I like this idea better then just checking for pid == -1, though sending
TERM signal to 0 shouldn't be that damaging (if damaging at all).
Mostly because apachectl will run in different process group, so it will not
be killed, and will finish restarting apache.
And unless apache itself is embeded or started by some other software --
signal shouldn't kill anything but apache.


On Sun, Apr 17, 2011 at 9:58 PM, pqf <p...@mailtech.cn> wrote:

>  Hi, all
> Another question, does proc_wait_process() should update procnode->proc_id
> to 0 too? or else mod_fcgid may send a signal to another irrelevant process
> while apache is shutting down? I don't follow up mod_fcgid for a while, I
> just took a glance, maybe it's updated somewhere else?
> By the way, procnode->proc_id is set to 0 while apache startup, so why not
> update procnode->proc_id to 0 while fcgid_create_privileged_process() is
> fail?
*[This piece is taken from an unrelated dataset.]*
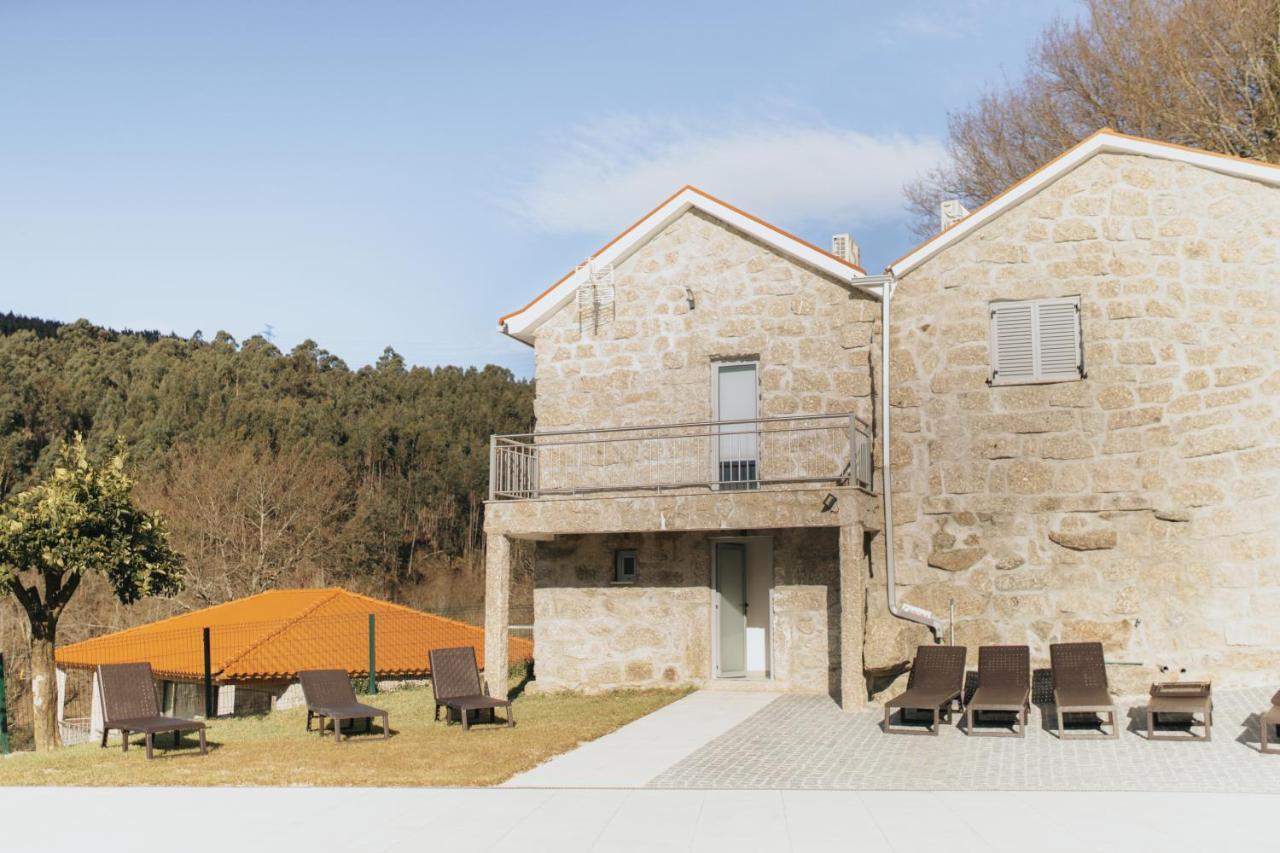 Quinta Do Rabelo Villa Braga Dış mekan fotoğraf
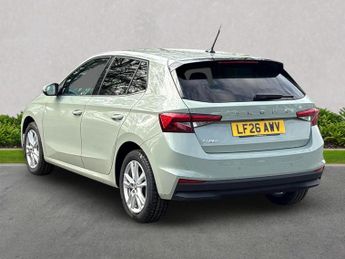 SKODA FABIA 1.0 Tsi Se L Edition Hatchback 5Dr Petrol Dsg Euro 6 (S/S) (116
And then check magic number 0 rather than both -1 and 0,  in both
> proc_kill_gracefully() and proc_kill_force().
>
> Cheers.
> Ryan
>
>
>
>  Hello,
>
> There is a very interesting, and quite a rare bug in mod_fcgid. It is easy
> to reproduce if you can cause fork to fail (which can be done with
> CloudLinux -- if anyone wants to replicate it).
>
> *Here is how it works: *
> mod_fcgid tries to spawn a new process (proc_spawn_process in
> fcgid_proc_unix.c), but fork returns -1.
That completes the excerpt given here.